Intraoperative Sedation Dosing
Ketamine Induction (FDA-Approved)
- IV induction: 1-4.5 mg/kg (average 2 mg/kg over 60 seconds) 4
- IM induction: 6.5-13 mg/kg (9-13 mg/kg produces surgical anesthesia in 3-4 minutes) 4
- Maintenance infusion: 0.1-0.5 mg/min (6-30 mg/hr for 70 kg patient) 4
- Alternative maintenance: 0.5 mg/kg/min IV infusion 4
- Critical preparation: Never inject 100 mg/mL concentration IV without 1:1 dilution 4
Dexmedetomidine for Procedures
- Procedural sedation: 1 μg/kg loading over 10-20 minutes, then 0.2-0.7 μg/kg/hr 5, 6
- Onset: <5 minutes, peak at 15 minutes 5, 6
- Limitation: Causes hypotension (21%), bradycardia (10%), and prolonged recovery (85 minutes) when used alone 5, 6
Combined Ketamine-Dexmedetomidine for Intraoperative Use
This combination provides superior hemodynamic stability compared to either agent alone 7, 8:
- Ketamine: 0.5 mg/kg/h infusion 7
- Dexmedetomidine: 0.5 μg/kg/h infusion 7
- Alternative regimen: Ketamine 1 mg/kg bolus + 0.25 mg/kg/h, Dexmedetomidine 1 μg/kg over 20 min + 0.2-0.7 μg/kg/h 8
- Reduced fentanyl consumption (41.94 μg vs 152.8 μg with fentanyl-based regimen)
- Shorter extubation time (432 min vs 504 min)

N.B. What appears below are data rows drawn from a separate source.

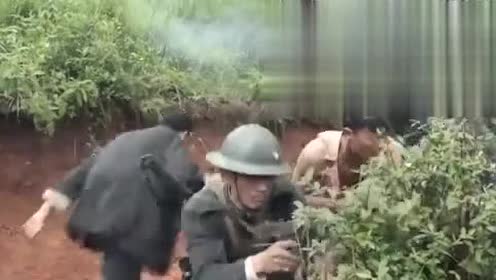 电视剧:狼兵敢死队血战鬼子特别行动队,真是枪枪凶狠,枪枪夺命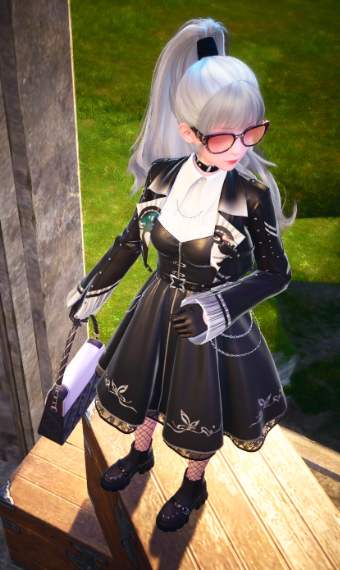 Color of the Day: Black image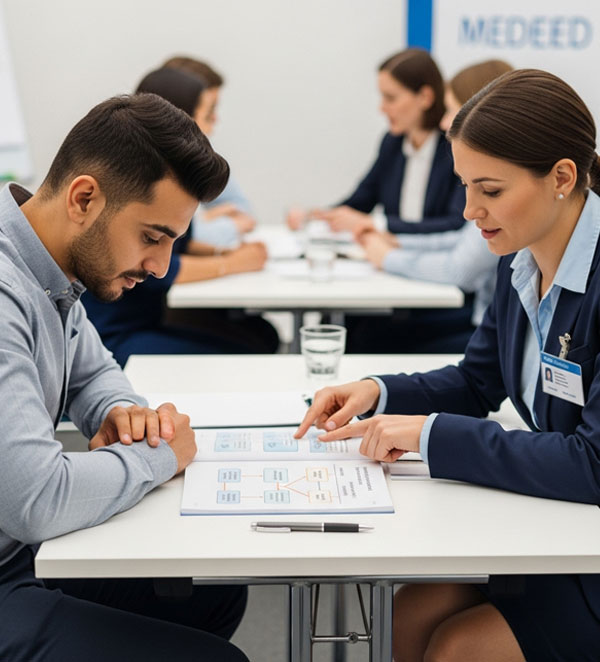 Interkulturelle Trainings und Werte-Workshops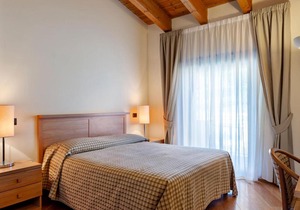Exotic Holiday Home in Scanno with Garden and Terrace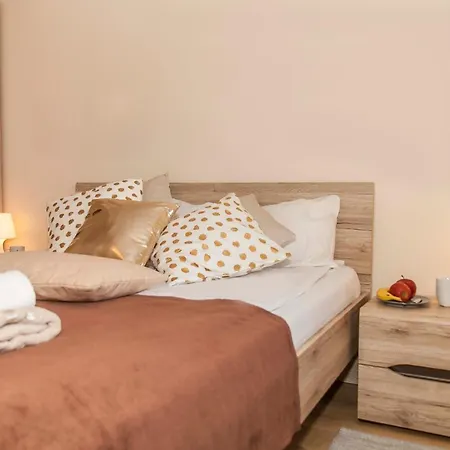 Apartament Przy Plazy - Bitwy Pod Plowcami 38 Apartment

- Better hemodynamic stability (ketamine counteracts dexmedetomidine-induced bradycardia/hypotension)
- Reduced PACU stay
Procedural Sedation (Non-Intubated)
For awake procedures requiring spontaneous ventilation 9, 10:
- Dexmedetomidine: 1 μg/kg loading, then 1-2 μg/kg/hr infusion
- Ketamine: 1-2 mg/kg bolus, then 0.5-1 mg/kg supplemental boluses as needed
- Rationale: Ketamine prevents dexmedetomidine's bradycardia/hypotension; dexmedetomidine prevents ketamine's tachycardia, hypertension, and emergence phenomena 9, 10
Special Population Adjustments
Cardiac Patients
Use extreme caution with dexmedetomidine in acute heart failure or cardiogenic shock—it reduces cardiac output and may cause refractory shock 11. For these patients:
- Preferred: Fentanyl + benzodiazepines (safer hemodynamic profile) 11
- Avoid: Propofol and dexmedetomidine in decompensated heart failure 11
- If dexmedetomidine used: Start at lowest doses (0.2 μg/kg/hr) without loading dose
Elderly Patients
- Reduce dexmedetomidine doses due to decreased clearance
- Avoid loading doses entirely
- Start at 0.2 μg/kg/hr and titrate slowly
Monitoring Requirements
Mandatory Monitoring
- Continuous: Heart rate, blood pressure, oxygen saturation, respiratory rate 1, 4
- Airway equipment: Must be immediately available 4
- Dexmedetomidine-specific: Monitor for bradycardia (<60 bpm), hypotension, and airway obstruction in non-intubated patients 1
- Ketamine-specific: Monitor for hypertension, tachycardia, increased salivation 4
Sedation Assessment
Use validated scales (Richmond Agitation-Sedation Scale preferred) to maintain light sedation (RASS -1 to -2) for improved outcomes 1
Critical Safety Considerations
Dexmedetomidine Pitfalls
- Biphasic cardiovascular effect: Initial hypertension (peripheral α2 stimulation), then hypotension (central sympatholysis) 6
- Airway obstruction risk: Loss of oropharyngeal tone in non-intubated patients requires continuous respiratory monitoring 1
- Not for rapid sedation: 15-minute onset makes it unsuitable for emergent situations
Ketamine Pitfalls
- Administer slowly: Rapid IV push causes respiratory depression and exaggerated vasopressor response 4
- Antisialagogue required: Give before induction to prevent excessive salivation 4
- Emergence phenomena: Co-administer benzodiazepine to prevent neuropsychological manifestations 4
- Genitourinary toxicity: With chronic use, monitor for urinary symptoms and consider cessation if pain develops 4
Combination Benefits
The ketamine-dexmedetomidine combination is pharmacologically complementary: ketamine's sympathomimetic effects counteract dexmedetomidine's bradycardia and hypotension, while dexmedetomidine mitigates ketamine's tachycardia, hypertension, and emergence delirium 9, 10. This synergy provides superior hemodynamic stability compared to either agent alone or traditional opioid-based regimens 7, 8.